Du côté azéri de la frontière, la peur est tout autant omniprésente. «Les rues sont désertes pendant la journée», raconte Ismaïl Nabiyev, qui vit dans le village azeri d’Alibeyli. «Nous ne pouvons pas organiser de mariage ou de funérailles. Dès qu’ils nous voient nous rassembler, les Arméniens nous tirent dessus.»

La guerre entre l’Arménie et l’Azerbaïdjan pour le contrôle du Nagorny-Karabakh, qui a fait 30’000 morts et des centaines de milliers de réfugiés entre 1988 et 1994, est officiellement terminée.

En réalité, elle n’a jamais pris fin pour ceux vivant le long de la frontière entre les deux pays, comme les villages de Movses et Alibeyli, situés à quelque 200 km du Nagorny-Karabakh, une région d’Azerbaïdjan, à majorité arménienne. L’année dernière, plus de 70 personnes ont été tuées des deux côtés dans une série d’accrochages, provoquant la crainte d’une reprise de ce conflit gelé.

Cauchemar des deux côtés

«Nos maisons sont la cible de tirs incessants de la part des Arméniens», affirme Khatira Aliyeva, une jeune mère de deux enfants, blessée en février lorsque sa demeure a été visée par des tirs de snipers de l’autre côté de la frontière.

«J’ai peur de laisser mes enfants aller à l’école. Le matin, nous courons pour y aller, de peur que les Arméniens nous remarquent et commencent à tirer», confie-t-elle. «Après l’école, les enfants restent à la maison, c’est trop dangereux de les laisser jouer dehors.»

Le cauchemar de cette jeune femme se répète à l’identique de l’autre côté de la frontière, à Movses.

«Les Azéris tirent jour et nuit, sur nos maisons, sur de simples citoyens, des gens qui travaillent dans leurs vergers», raconte Soudarik Aperian, une vieille dame de 82 ans. «J’ai peur d’allumer les lumières la nuit. Dès qu’ils voient de la lumière à nos fenêtres, ils commencent à tirer», affirme-t-elle.

Revendications incessantes

Malgré des décennies de négociations via une médiation internationale, les deux camps n’ont toujours pas signé d’accord de paix final, depuis la conclusion d’un cessez-le-feu en 1994.

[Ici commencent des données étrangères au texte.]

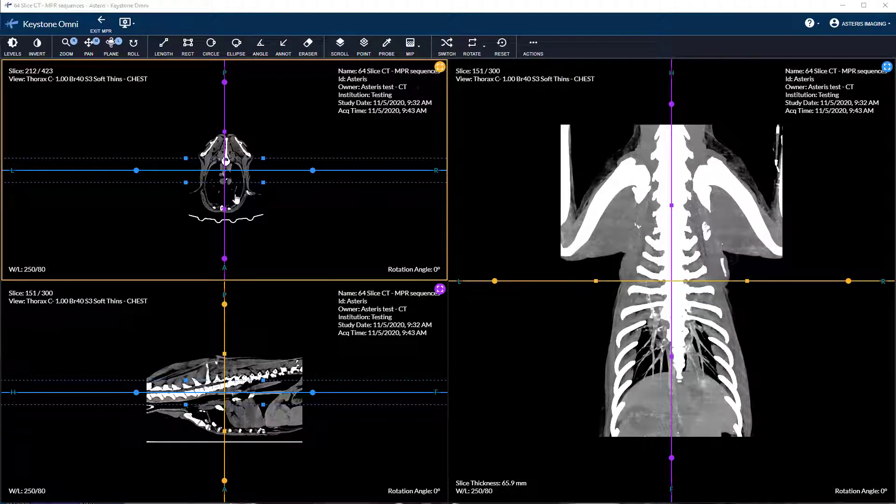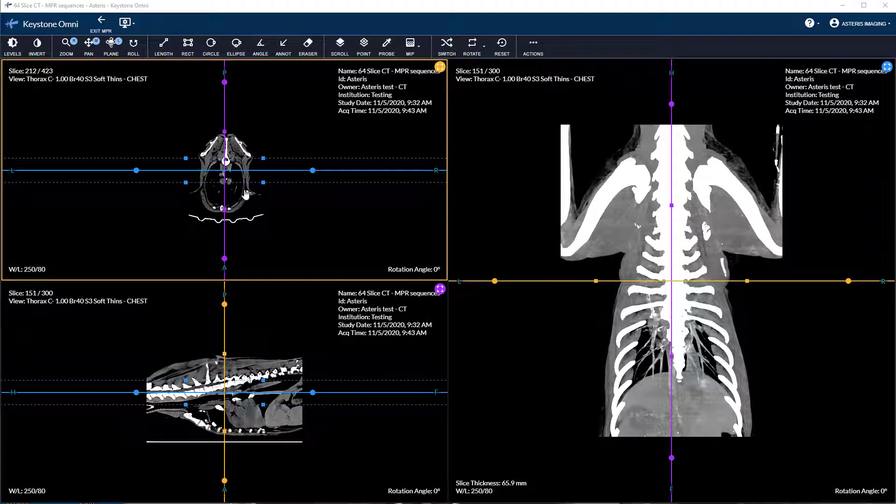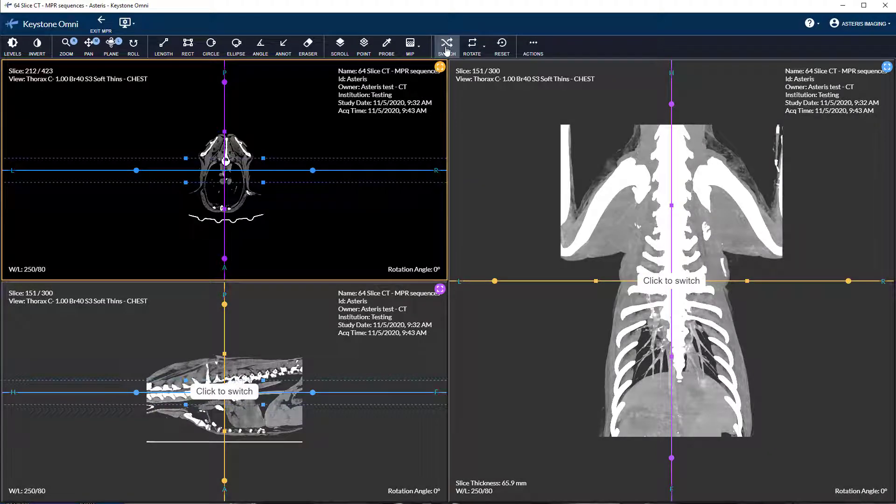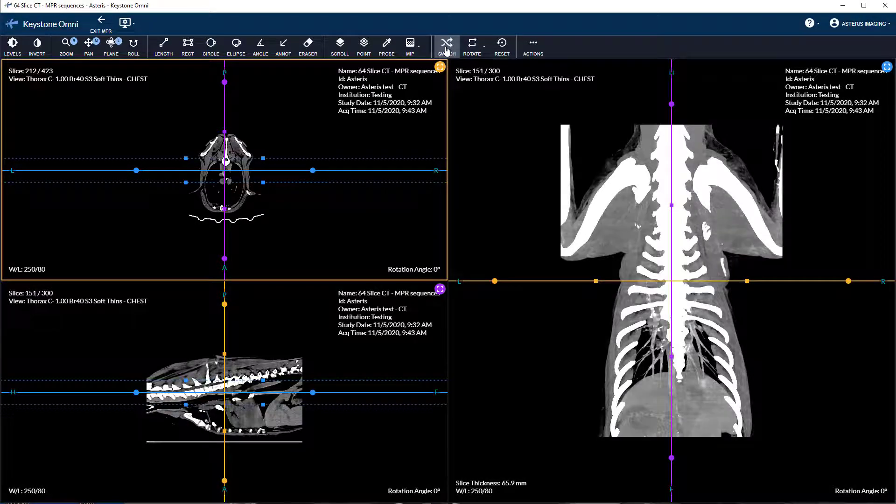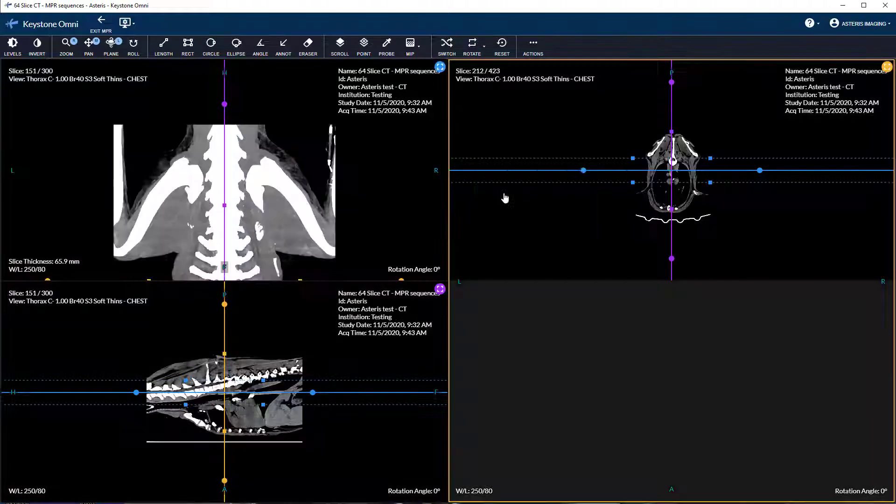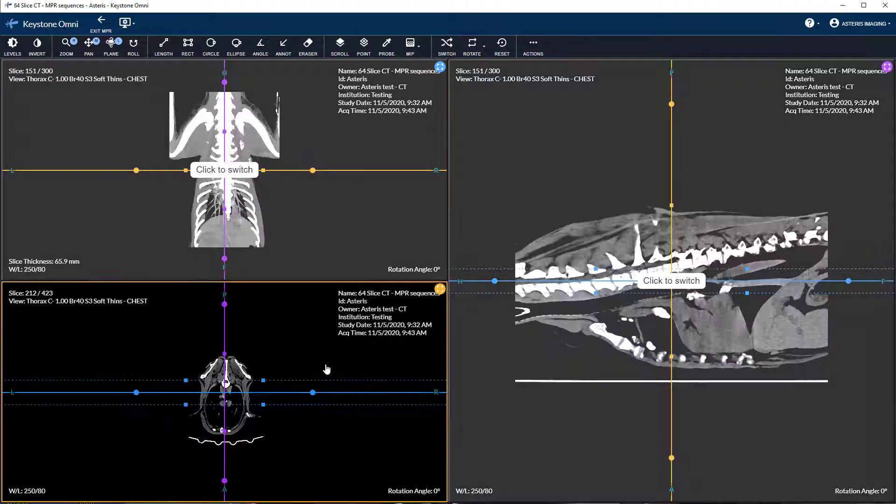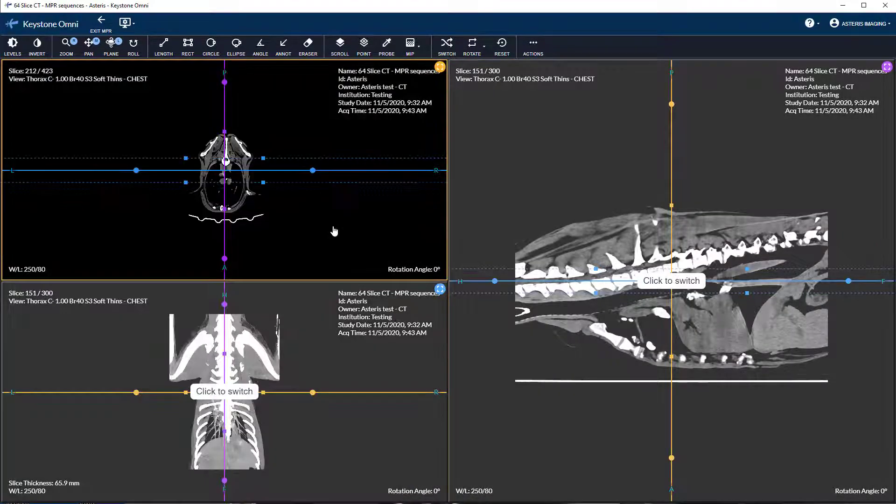The switch tool allows you to toggle the position of the active view with another view. You can utilize alt plus click or option plus click for Mac as a shortcut.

Pour la communauté internationale, le Nagorny-Karabakh fait partie de l’Azerbaïdjan. Autoproclamée «République du Nagorny-Karabakh», la région est soutenue financièrement et militairement par Erevan.

Elle a été désertée par la communauté azérie qui y vivait avant la guerre et qui représentait environ 25% de la population totale. Les 145’000 habitants du Nagorny Karabakh sont aujourd’hui presque tous arméniens.

Bakou continue de revendiquer la région: en février, son président Ilham Aliev a affirmé que la paix sera menacée tant que l’Arménie poursuivra son «occupation du Nagorny-Karabakh» et de sept autres régions azéries adjacentes, soit au total 20% du pays.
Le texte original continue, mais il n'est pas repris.